Without identifying any company by name, SJ warned in the report that the established parcel giants will be severely punished for failing to adjust their networks as fast as Amazon to the rapidly changing needs of e-commerce, namely in speed of delivery, fulfillment strategy and execution, and customer experience. Though not cited in the report's summary, Jindel said after the ATSG deal was announced that Atlanta-based UPS Inc. could face the biggest hit, because two-day deliveries from Amazon's warehouses and DCs to consumers accounted for two-thirds of the $2.1 billion in revenue UPS generated from Amazon last year.
Jindel said Amazon has the capability to build an "asset light" ground-delivery model—one that effectively controls the capacity without owning the equipment—similar to what the former Roadway Package System Inc. did in the 1980s and 1990s to pose the first meaningful challenge to UPS' near monopoly of the U.S. ground parcel market. Memphis-based FedEx Corp. acquired RPS' parent in 1998, rebranded RPS as FedEx Ground, and turned it into a $14-billion-a-year business that is today solidly profitable.
To put Amazon's shipping growth in perspective, it transported more than 1 billion parcels of its own goods last year, more than FedEx Ground's entire fiscal year 2012 annual volume. If current trends continue, Amazon by 2019 could be shipping as many parcels per year as FedEx Ground, SJ forecast.
Amazon will continue to invest heavily in transport services. It spent $11.5 billion in outbound shipping in 2015, and SJ forecasts that number to rise to $16.4 billion in 2016, $22.34 billion in 2017, and $29.6 billion in 2018.
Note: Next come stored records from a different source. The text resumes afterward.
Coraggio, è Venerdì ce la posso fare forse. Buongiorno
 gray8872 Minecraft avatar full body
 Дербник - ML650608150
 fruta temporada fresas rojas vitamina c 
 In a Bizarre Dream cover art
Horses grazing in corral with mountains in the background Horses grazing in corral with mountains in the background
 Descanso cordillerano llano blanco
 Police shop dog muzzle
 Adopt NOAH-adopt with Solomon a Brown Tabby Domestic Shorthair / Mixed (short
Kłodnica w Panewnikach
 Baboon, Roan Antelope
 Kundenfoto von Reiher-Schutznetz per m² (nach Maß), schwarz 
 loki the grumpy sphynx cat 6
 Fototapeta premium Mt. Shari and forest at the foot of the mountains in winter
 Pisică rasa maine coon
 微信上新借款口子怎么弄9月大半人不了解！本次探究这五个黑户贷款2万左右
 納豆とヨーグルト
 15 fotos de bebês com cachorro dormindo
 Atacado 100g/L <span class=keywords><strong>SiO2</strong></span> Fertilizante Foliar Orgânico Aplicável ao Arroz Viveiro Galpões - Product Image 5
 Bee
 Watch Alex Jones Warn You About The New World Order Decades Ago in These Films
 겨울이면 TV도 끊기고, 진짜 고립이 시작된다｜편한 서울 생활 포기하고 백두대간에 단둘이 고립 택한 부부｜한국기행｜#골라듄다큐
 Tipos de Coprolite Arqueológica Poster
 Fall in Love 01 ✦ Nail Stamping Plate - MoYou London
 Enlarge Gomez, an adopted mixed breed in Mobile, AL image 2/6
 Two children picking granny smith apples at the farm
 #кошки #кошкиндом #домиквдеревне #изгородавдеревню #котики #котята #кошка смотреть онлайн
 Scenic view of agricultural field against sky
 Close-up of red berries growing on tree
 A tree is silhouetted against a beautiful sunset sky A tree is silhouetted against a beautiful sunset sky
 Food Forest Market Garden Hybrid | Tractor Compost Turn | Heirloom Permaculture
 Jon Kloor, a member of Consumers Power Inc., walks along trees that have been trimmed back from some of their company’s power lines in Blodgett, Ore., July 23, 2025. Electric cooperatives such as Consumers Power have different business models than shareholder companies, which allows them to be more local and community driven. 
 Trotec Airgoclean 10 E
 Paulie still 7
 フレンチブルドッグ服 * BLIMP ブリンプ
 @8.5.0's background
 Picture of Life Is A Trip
Unless a better mousetrap comes along, Alibaba remains Amazon's sole long-term threat, Jindel said. In a bid to build logistics capabilities to establish itself as the sole middleman in all e-commerce transactions, Alibaba owns a 48-percent stake in Cainiao.com, a logistics consortium founded in 2013 to support deliveries across China and worldwide. According to a mid-March story in the publication Techcrunch, Alibaba, through Cainiao, operates 128 warehouses and 180,000 express-delivery stations in China, offering same-day delivery in seven Chinese cities and next-day delivery in an additional 90. On November 11, 2014, the date of the popular "Singles Day" in China, Cainiao handled 278 million packages, according to the story. Other reports said Cainiao will spend billions of dollars through the rest of this decade and into the next in order to deliver goods anywhere.
Cognizant of the threat, Amazon will do what it can to limit Alibaba's ability to help manufacturers sell directly to consumers, Jindel said in his summary. One tailwind for Amazon is that while it has established a decent footprint in China, Alibaba is unlikely to make a dent in Amazon's U.S. dominance. "That train has left the station," he said in a phone interview.
SJ's report is not the first tome to examine Amazon's fulfillment strategy and its implications for the retail supply chain. But it stands out for several reasons. Jindel is a seasoned and highly regarded consultant with a reputation for producing thoughtful reports bereft of any eyeball-luring sizzle. Moreover, Jindel has been a long-time Amazon skeptic. While consistently lauding the company for executing a highly effective model, he has for years been dubious about its profit-generating potential. Jindel held to that position as Amazon's stock marched from $8 a share some 14 years ago to yesterday's closing price of $683.50 a share. The takeaways from his firm's research have made Jindel rethink his views, he acknowledged.
What may go unnoticed is that, despite its burgeoning size, Amazon controls just a fraction of the total U.S. retail market, Jindel said. According to SJ estimates, e-commerce accounts for about 12 percent of all retail sales, and Amazon has a roughly 30-percent share of the e-commerce market. Thus, Amazon has roughly 5 to 6 percent of the overall market, and there is a lot of share opportunity still available to it, Jindel noted.